# USOS PRINCIPALES DEL AGUA > Pesca >  6 kilos de trucha

## Luján

leído en ABC:

http://www.abc.es/20100812/canal-nat...1008121401.asp




> * Pesca una trucha de seis kilos y 74 centímetros* 
> 
> 
> 
> 
>  |
>  Día 12/08/2010 - 14.29h
> 
> 
> ...

----------


## jasg555

MAgnífica fario.

Igual que en el caso del Lucio, las hay mayores.

Imagino que la devolverían al agua. la riqueza genética de esa fario merece la pena vivir.

----------


## ben-amar

Antes el lucio, ahora una truchilla,.... luego va JASG y dice que no son los mas grandes :EEK!: 
Pero,¿que monstruos habitan nuestras aguas? :Confused:  :Embarrassment:  :Big Grin:

----------


## jasg555

> Antes el lucio, ahora una truchilla,.... luego va JASG y dice que no son los mas grandes
> Pero,¿que monstruos habitan nuestras aguas?


Ja,ja,ja,ja,ja. No abundan, pero mismamente hay un reportaje de Jara y Sedal que repiten a menudo en el que pescan truchas de 7 y 8 kilos, y una de ellas se la hacen en el horno.

 Y lucios cada vez salen menos buenas piezas, los sónar, las embarcaciones, la especialización hacen que sean muy perseguidos. Pero hay piezas tremendas.

Ahora estoy con una cutreconexión GPRS, y si bajo una foto, me pueden dar las uvas :Mad:  :Mad: , pero en Septiembre ya te pondré alguna buena foto.

 Ten cuidado cuando te bañes, vigila bien, ja,ja,ja,ja

----------


## F. Lázaro

> Antes el lucio, ahora una truchilla,.... luego va JASG y dice que no son los mas grandes
> Pero,¿que monstruos habitan nuestras aguas?

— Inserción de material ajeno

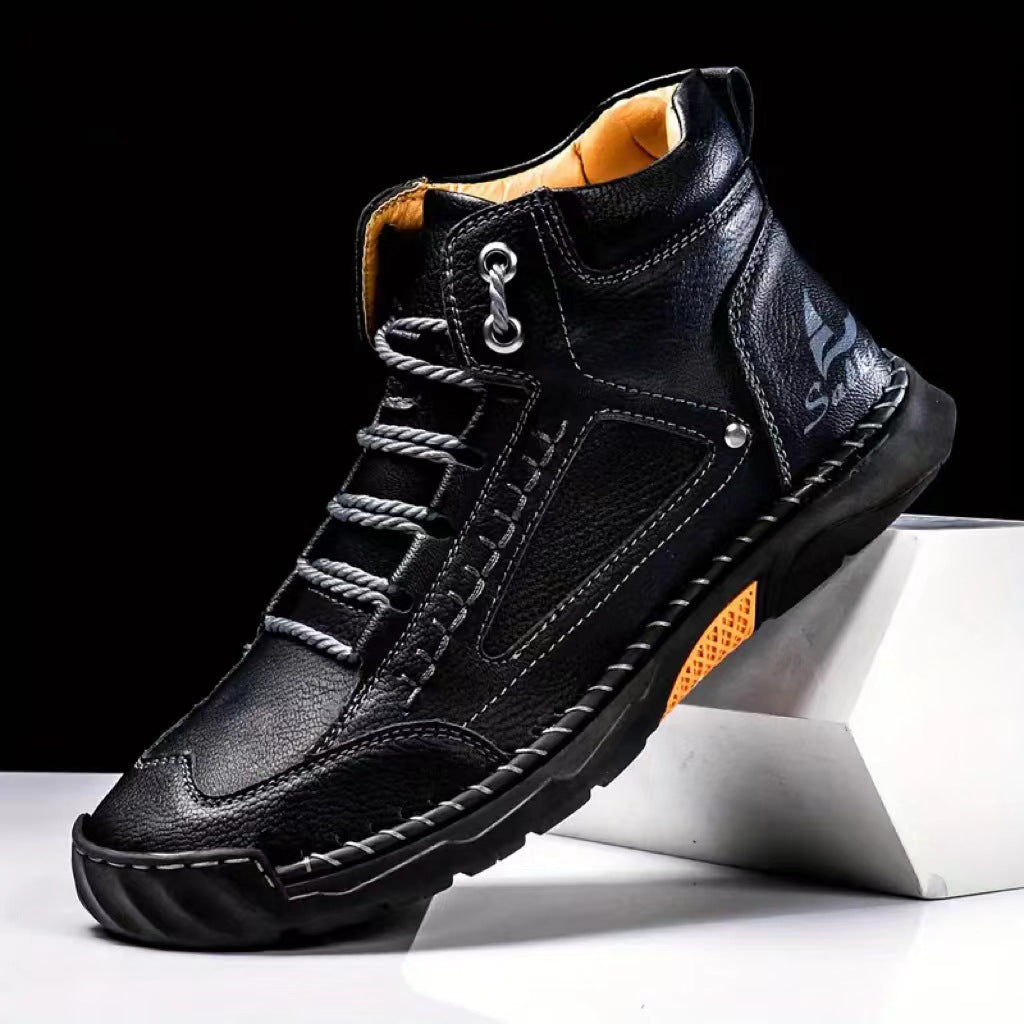Black leather hiking boot with orange accents and rugged sole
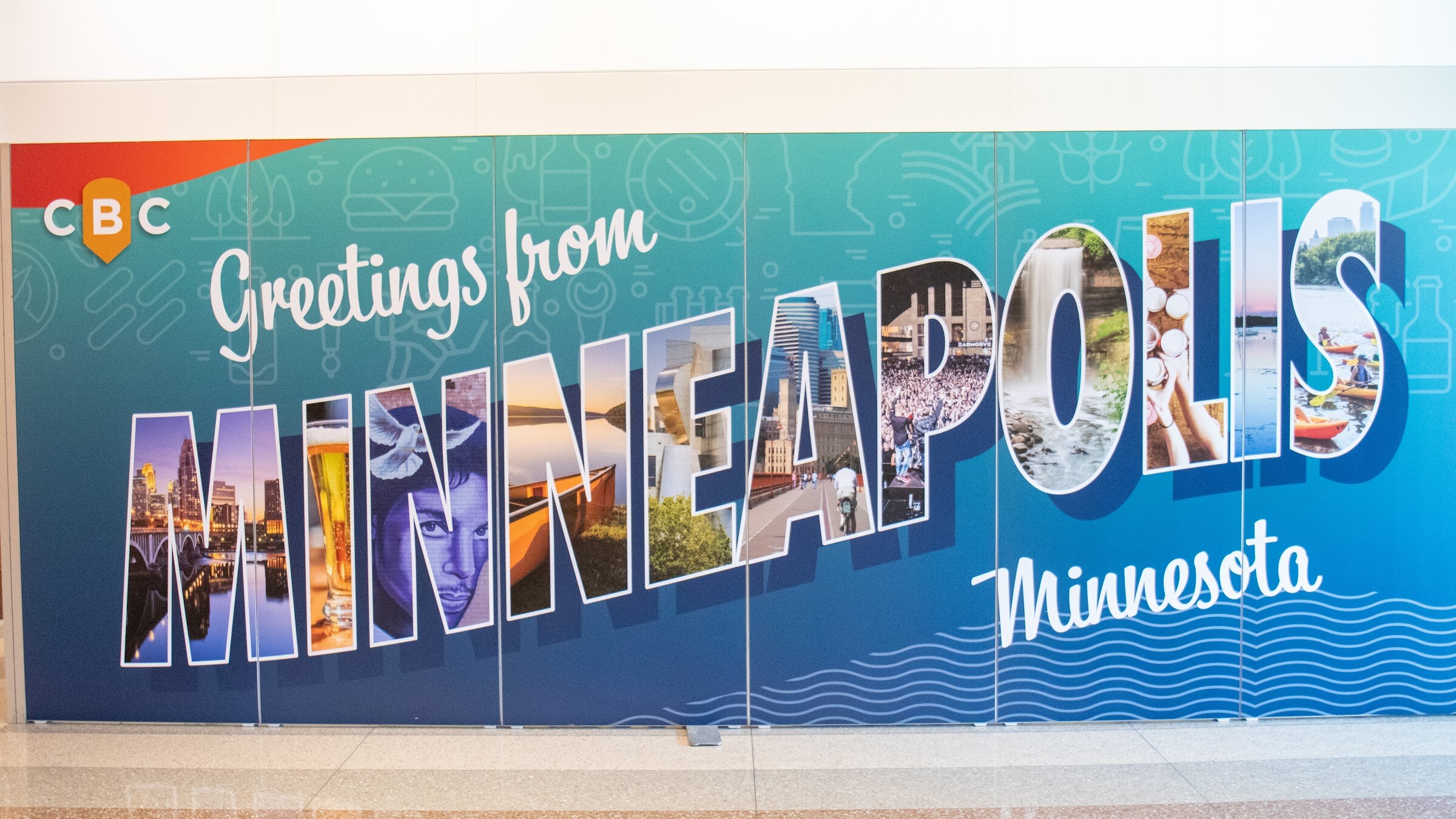 A blue and teal postcard-style CBC mural reads Greetings from Minneapolis, Minnesota in a hallway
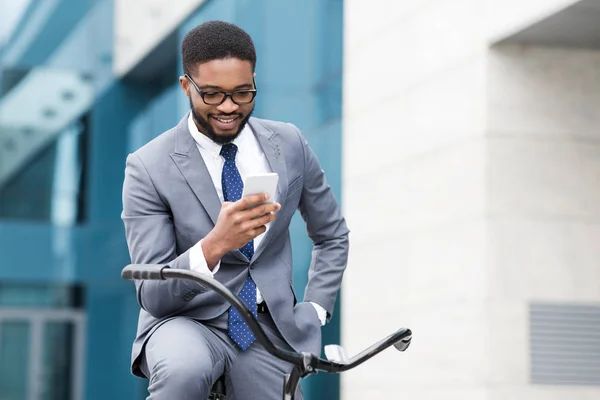 Empresário afro feliz usando smartphone, andando de bicicleta — Fotografia de Stock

Jajajajajajaja  :Big Grin: 

Pues te quedan por ver...



Mira lo que hay en el Ebro... :Big Grin: 



EDIT: Ben-amar... que te pensabas... que debajo del agua solo había renacuajos, ranas y cangrejos????   :Big Grin:

----------


## jasg555

Jejejejejeejeje. Creo que nuestro amigo Ben-Amar durante una buena temporada sólo se va a bañar en una piscina.  Y con el agua bien clarita  :Big Grin:  :Big Grin:  :Big Grin:  :Big Grin:  :Big Grin:

----------


## F. Lázaro

> Jejejejejeejeje. Creo que nuestro amigo Ben-Amar durante una buena temporada sólo se va a bañar en una piscina.  Y con el agua bien clarita


Jajajaja pues sí... :Big Grin:  :Big Grin: 

Ben-amar, tranqui  :Embarrassment: , de momento, nadie ha sido comido por "bicharracos" de éstos... aunque si escasea el alimento para estos bichos... quien sabe...jejejeje  :Big Grin:  :Wink:

----------


## REEGE

Imposible ver a Ben-amar, a orillas de su querido Cordobilla o bañándose en Íznajar en mucho tiempo... Bueno, ben-amar y muchos más de nosotros!!!!
Peazo bichos tenemos en nuestras aguas... Si dán más miedo que los mismisimos tiburones!!!

----------


## ben-amar

La verdad, sabia que teniamos esas especies, y grandes; lo que no me imaginaba es que llegaran a esos tamaños :EEK!: 
Con la calor que hace,...... ni esos ni los grandes blancos me impiden a mi un bañito :Big Grin:  igual salen ellos mordidos como se aproxime la hora del papeo :Stick Out Tongue:  :Big Grin:

----------


## REEGE

Récord de Trucha Arco Iris Pendiente
por Depredators 2  
Tags: arco iris, Oncorhynchus mykiss, record, trucha, trucha arcoiris

World Record 
El pescador canadiense Adam Konrad capturó lo que puede ser la nueva plusmarca de trucha arcoiris (Oncorhynchus mykiss). La captura tuvo lugar en junio de 2007, en aguas de Lake Diefenbaker, provincia de Saskachewan. Esta trucha monstrio midió 37,35 pulgadas de longitud, para un increíble perímetro de 34 pulgadas. Sin duda, este animal debió estar depredando sobre lucios, wayelles y congéneres menores en las frías aguas donde habitaba.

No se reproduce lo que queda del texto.